На другой день мама пригласила Юргиса с отцом к нам.

— Лучшей снохи мне и не надо, — сказал отец.

Свадьбу назначили на 20 ноября. Денег у Масюлисов не было. На моей сберкнижке лежало две тысячи рублей, их мы и решили пустить на свадьбу. Мама отдала мне кремовый гипюр, которого здесь никто не покупал. Юргис носил галифе и гимнастерку сталинского фасона, из которой решили сшить спортивную куртку. Жильвитене пообещала все сделать. Гимнастерку надо было распороть и выстирать. Глажу я постиранные куски и соскребаю ножиком гнид — стыдно портнихе отдавать. Мама подошла ко мне, обняла и заплакала:

— Вот как я выдаю замуж свою доченьку! Вместо того чтобы заботиться о своих туалетах, сидит и соскребает гнид с лохмотьев жениха…

Когда о свадьбе мы сообщили будущим гостям, мои подружки пообещали сварить бочонок бражки, второй бочонок пообещали приятели Юргиса. Осталось позаботиться о закуске и о запасе спирта на случай, если не хватит выпивки. Только когда Жильвитене стала шить мне платье, литовские женщины поверили, что мы не шутим. Эльтерман уехал в командировку, предварительно подписав два приказа: первый — по случаю свадьбы провести в наш дом электричество, до сих пор оно было только в конторе; второй — выделить нам нарты с собаками, чтобы мы могли съездить в Казачье и зарегистрировать брак.

Собравшиеся гости проводили нас. Костя Третьяков привез и якутскую шубу из оленьего меха, надеваемую через голову, — кухлянку. Но мне она не понравилась, и я поехала, укутавшись в ватное одеяло. Платье не надела и была в ватных штанах и синей телогрейке.

За столом сидела якутка. Когда мы сказали о цели нашего визита, она скривилась:

— Не могу, я дежурю.

Мы стали ее умолять, но она не пускалась ни в какие разговоры. Мы пошли к Бирюкову и изложили свое дело. Бирюков вспомнил меня, пошел к той якутке и велел немедленно зарегистрировать брак.

— Чернила замерзли!

— Возьми мои! — рассердился Бирюков.

Та неохотно пошла за чернилами. Тем временем явился какой-то начальник в форме и начал кричать, что мы стравливаем между собой работников милиции.

— Поехали назад, раз она так артачится, все равно не зарегистрирует, — сказал Юргис.

Вернулись мы домой. О том, что произошло в Казачьем, рассказали только родителям. Я переоделась у Юргиса. Сбежавшиеся русские женщины не могли налюбоваться на мое платье — такой нарядной невесты им никогда не доводилось видеть.
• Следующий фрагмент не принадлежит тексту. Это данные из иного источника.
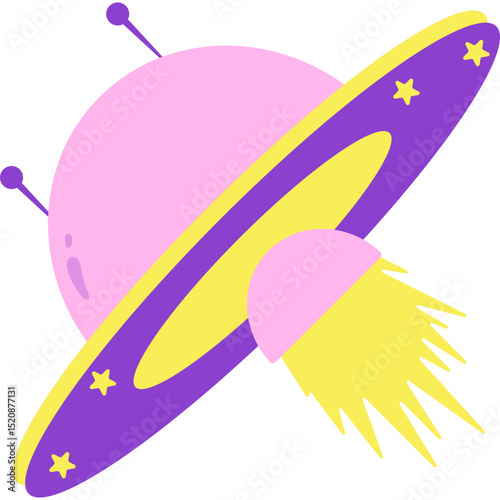 Flat UFO Illustration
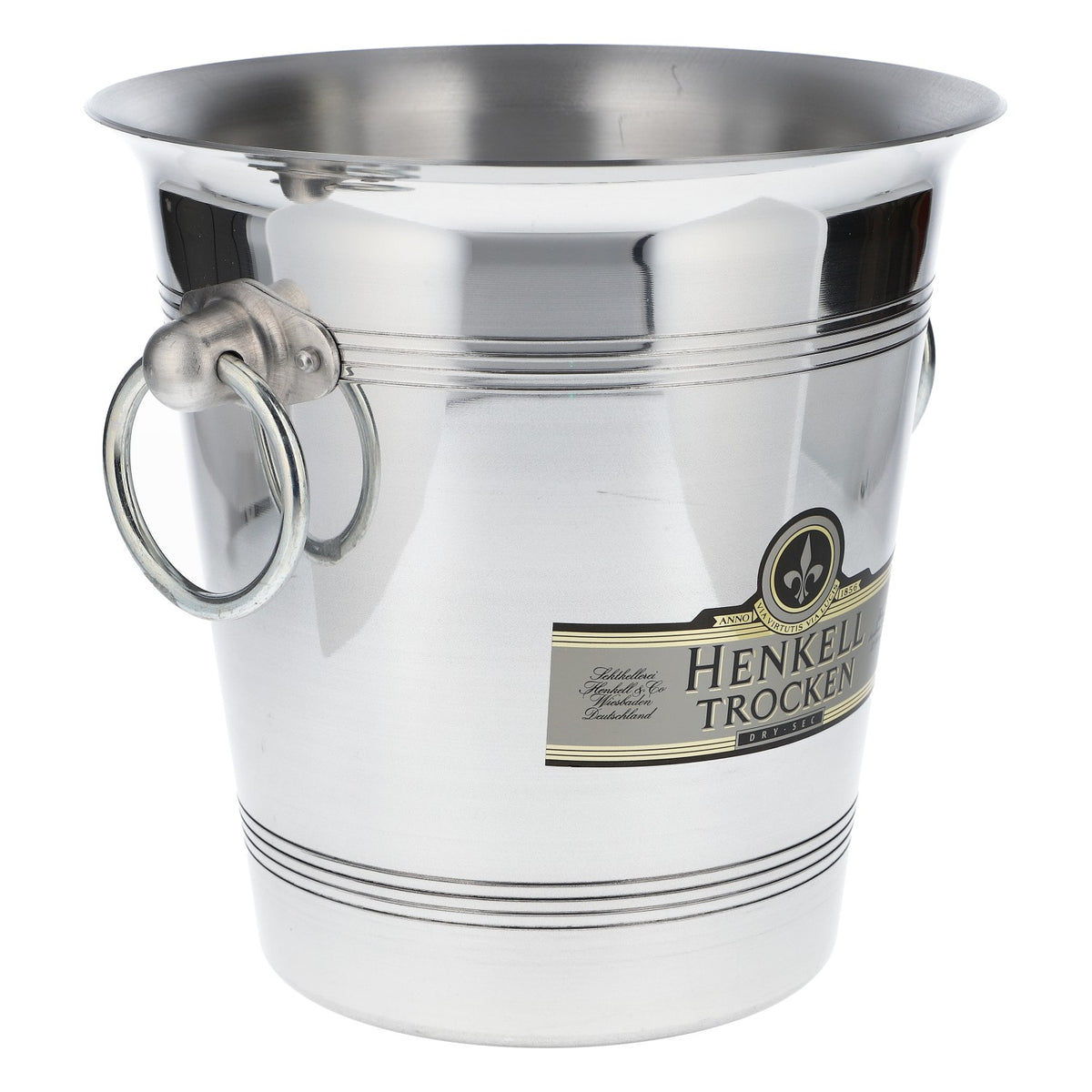Henkell Champagne Ice Bucket, Bottle Cooler, Ice Cube Container, Handle, Metal, Silver – View 2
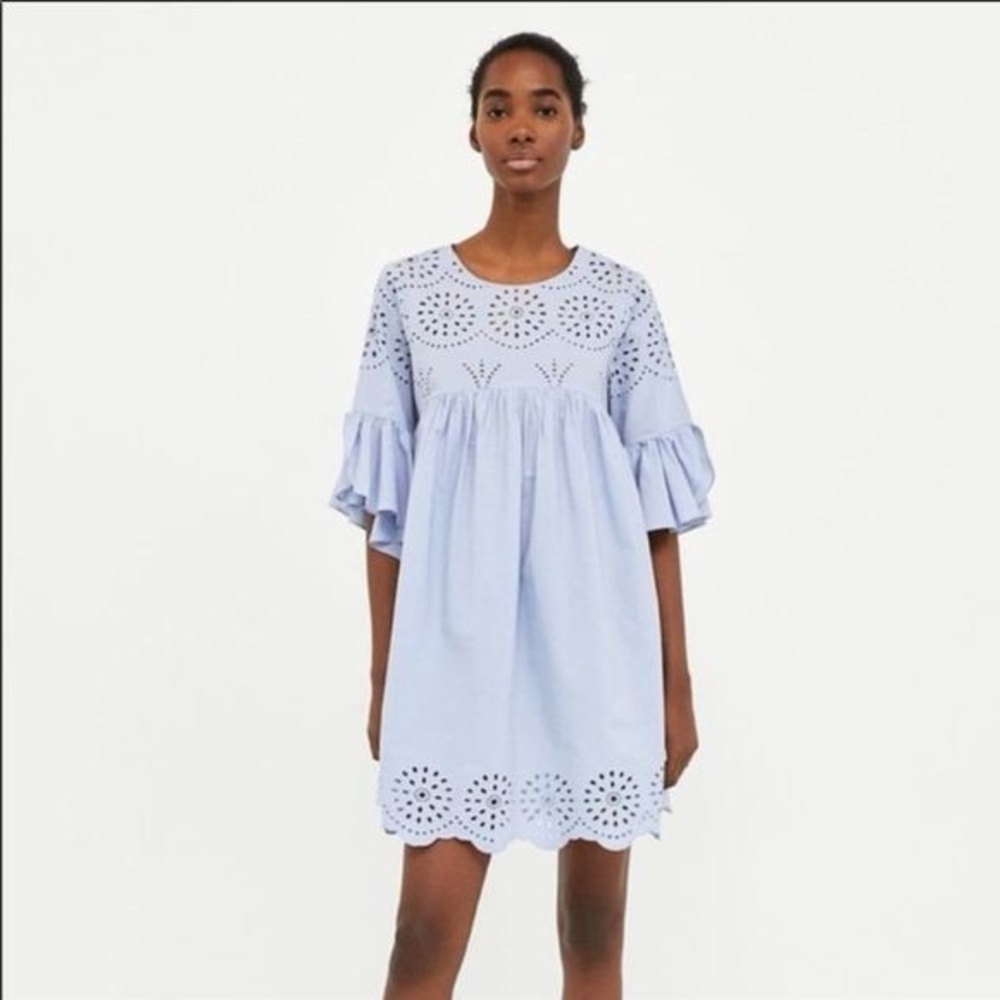 Zara Baby Doll Eyelet Ruffle Mini Dress - Size Small
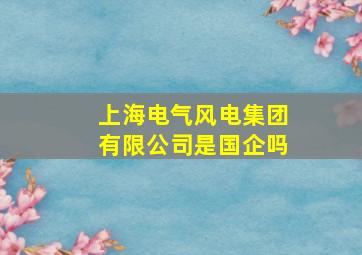 上海电气风电集团有限公司是国企吗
Спереди все платье было украшено цветами из лебединых перьев маминой работы, такие же цветы я приколола и к волосам. Для тех условий я выглядела потрясающе, однако себя как невесту я представляла всегда только в белом платье. Наша свадьба была веселой, шумной, не обошлось и без драки. Дело в том, что, пока мы угощались в нашей квартире, в квартиру Юргиса зашел начальник радиостанции татарин Нигматуллин, увидел бочонок бражки, зачерпнул два ведра, пошел к себе домой и пил там… Пришлось выдать запас спирта, потому что бражки осталось совсем немного. За это парни и пошли бить Нигматуллина. На аккордеоне играла на нашей свадьбе Бенкуте.

После свадьбы, когда все опохмелились и все уже было убрано, мы с Юргисом перевели дух и сели на кровать. Я положила руки ему на грудь и прижалась к нему.

— Я не кот, меня никто не ласкал, и я не умею ласкать, — сказал мой избранник, снимая мои руки со своей груди.

Я смотрела на него, выпучив глаза. Зачем же в книгах пишут о любви, о нежности, о ласках, если их нет! Не так представляла я себе замужнюю жизнь. Не так. Стало обидно и так жалко себя, что я выбежала из дома. Мороз обжигал. Я плакала. Вышел Юргис.

— Ну, чего расхныкалась? Будем жить, как все!

Неужели все? Ведь помню же я, как папа обнимал, целовал, ласкал маму… Что ж, никто не заставлял меня выходить за Юргиса. Я решила, что моей верности и заботливости будет достаточно для поддержания огня в нашем семейном очаге.

Альгис Масюлис рассказал, что, идя из Казачьего на нашу свадьбу, он увидел в одном дворе, как Славка колет дрова. Поздоровался, спросил, где Славка пропадал. Оказывается, работал в шахте, подкопил денег.